3.4.4 Subclinical hypothyroidism

Subclinical hypothyroidism is defined biochemically as the association of a raised serum thyroid-stimulating hormone (TSH) concentration with normal circulating concentrations of free thyroxine (T₄) and free triiodothyronine (T₃). The term subclinical hypothyroidism implies that patients should be asymptomatic, although symptoms are difficult to assess, especially in patients in whom thyroid function tests have been checked because of nonspecific complaints such as tiredness. An expert panel has recently classified individuals with subclinical hypothyroidism into two groups (1): (1) those with mildly elevated serum TSH (typically TSH in the range 4.5–10.0 mU/l) and (2) those with more marked TSH elevation (serum TSH >10.0 mU/l).

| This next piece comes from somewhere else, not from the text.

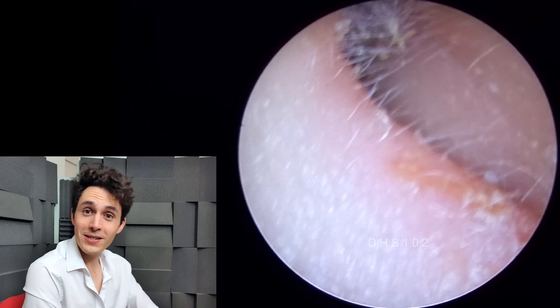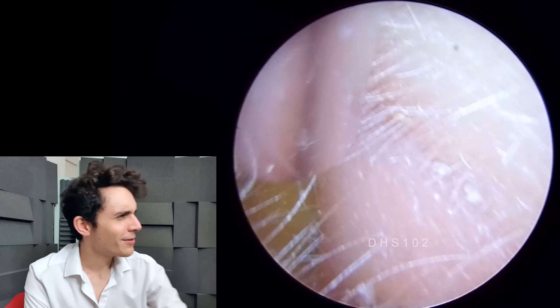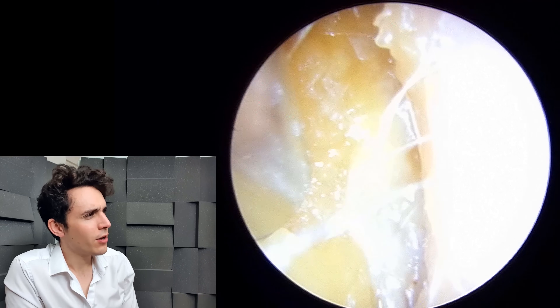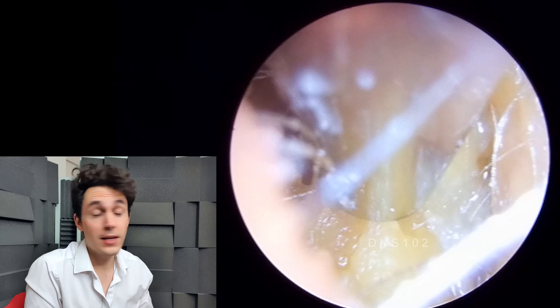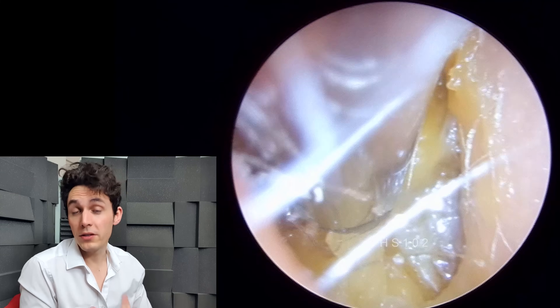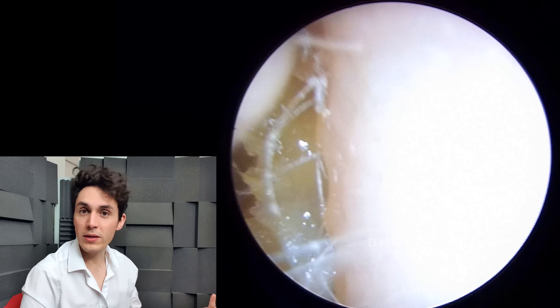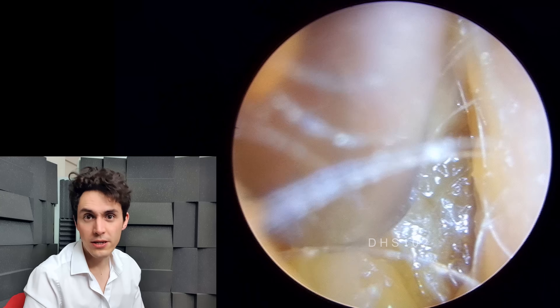Hi everyone, it's Connor here from Durham Hearing Specialists. I hope you're doing well and welcome to another very interesting video. We've got a very nice case of swimmer's ear in this video, what we call otitis externa. So it's a bacterial infection of the outer ear — that's what we typically mean when we say swimmer's ear in the UK.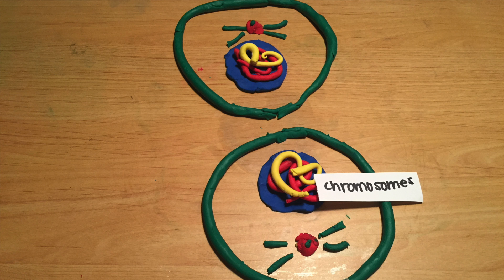Last but not least, cytokinesis. This is the stage where both daughter cells are completely divided. Now, these cells will go through mitosis, and their daughter cells will go through mitosis, and the process will continue.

Several population-based studies have examined the prevalence of subclinical hypothyroidism. Variation in results reflects the demographic characteristics of the populations studied, as well as the upper limit set for TSH measurements. Considerable debate has surrounded the setting of the upper limit of the reference range for TSH, with some arguing in favour of reduction in this upper limit to a value which would include a large proportion of the adult population. Meticulous studies in the USA and elsewhere have addressed this question, taking into account the influence of inclusion or exclusion of individuals with a personal or family history of thyroid disease or those with positive antithyroid antibodies. Evidence from one such study (NHANES III) of a very large ‘reference’ population without evidence of thyroid disease has suggested that 95% of adults have a serum TSH within the range 0.45–4.12 mU/l (2), determining that the widely applied upper limit of normal for serum TSH measurements of approximately 4.5–5.0 mU/l remains appropriate.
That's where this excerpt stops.